Pero ni siquiera el muro fue capaz de cortar las fugas de personas
ansiosas de libertad. Coronado de alambre de espino, fue asaltado en
numerosas ocasiones y aunque no hay estadísticas sobre el paso
clandestino de personas, por razonas obvias de seguridad que en la
fecha se observaban, muchos fueron los que lo consiguieron. Recuerdo,
como si lo estuviera viendo, una filmación de los años sesenta en
las que se veía a una mujer joven correr hacia el hueco que en las
alambradas habían practicado unas personas que deseaban fugarse,
alguna de las cuales ya se veían al otro lado. La chica corría
contra los alambres y se colaba por el hueco, no sin engancharse
terriblemente en muchas de las púas que le destrozaron la cara y
otras partes de su cuerpo. La desesperación de aquella persona por
alcanzar la libertad, dio varias veces la vuelta al mundo.
El muro fue retocado en varias ocasiones, sustituyéndose en parte
por placas de hormigón armado, prefabricadas, pero ni el más
resistente de los cementos consiguió mantenerlo en pie y la noche
del nueve al diez de noviembre de 1989, fue simbólicamente abatido.
La Perestroika de Gorbachov dio el pistoletazo de
salida y al aflojar la presión ejercida por la URSS, la
descomposición de los regímenes totalitarios del Este no pudo
aguantar más y tras caer Polonia, la primera de todas ellas, gracias
al movimiento obrero Solidaridad, lo hicieron Hungría, Alemania del
Este, Bulgaria, Checoslovaquia, Rumanía, Albania, Yugoslavia (por
ese orden), que formaban los llamados Países Satélites, y el largo
etcétera de las Repúblicas que conformaban la URSS (Letonia
Estonia, Lituania, Georgia, Moldavia, Ucrania…).
Se acabó la Guerra Fría y se volatilizó el Comunismo.

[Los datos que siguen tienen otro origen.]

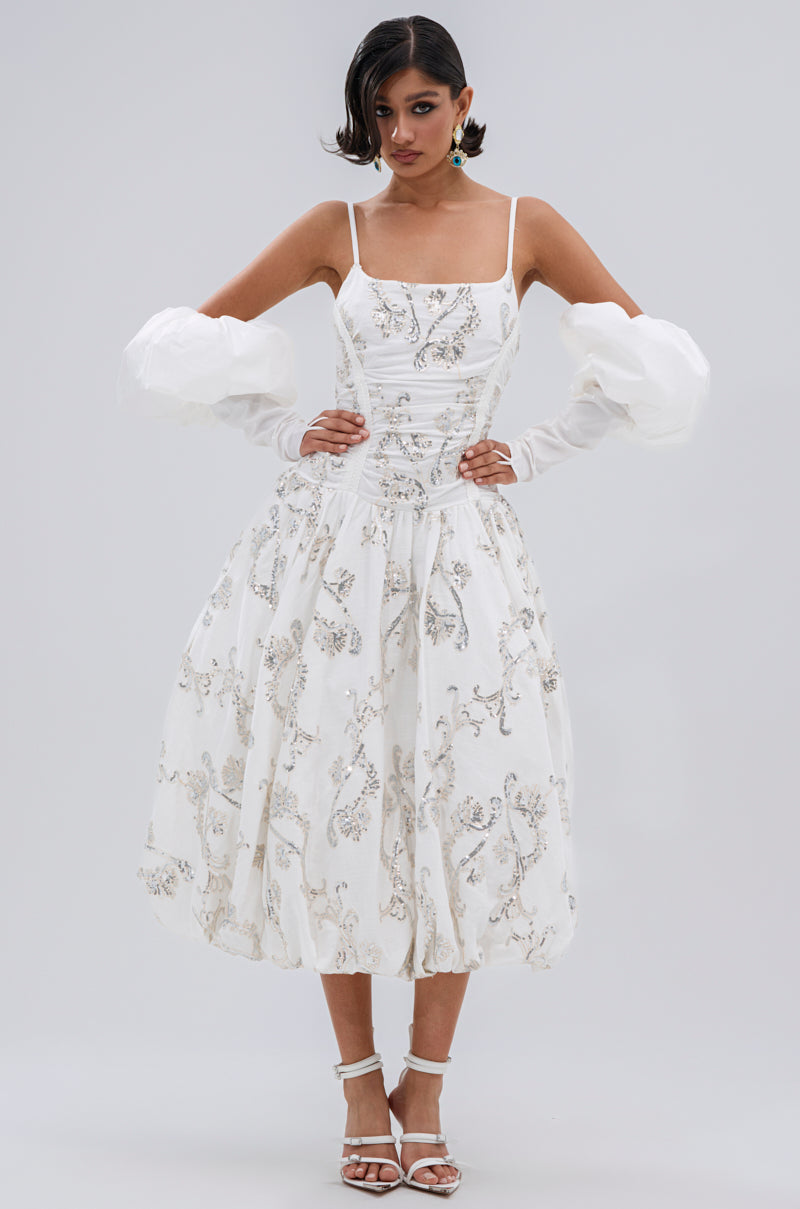 A woman models the BEST DRESSED PRINTED MIDI DRESS, featuring thin straps, floral embroidery, and puffed tulle sleeves. She pairs it with white strappy heels and has short, wavy hair styled to one side against a plain background.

También van turistas a contemplar el Muro y, el que puede, se trae
un trae un trozo a casa. En la librería que tengo situada frente a
la mesa en la que escribo, hay una fotografía de mi mujer delante de
uno de los trozos del muro que continúan de pie y una piedra
arrancada de aquella infame pared, a los pies de la fotografía.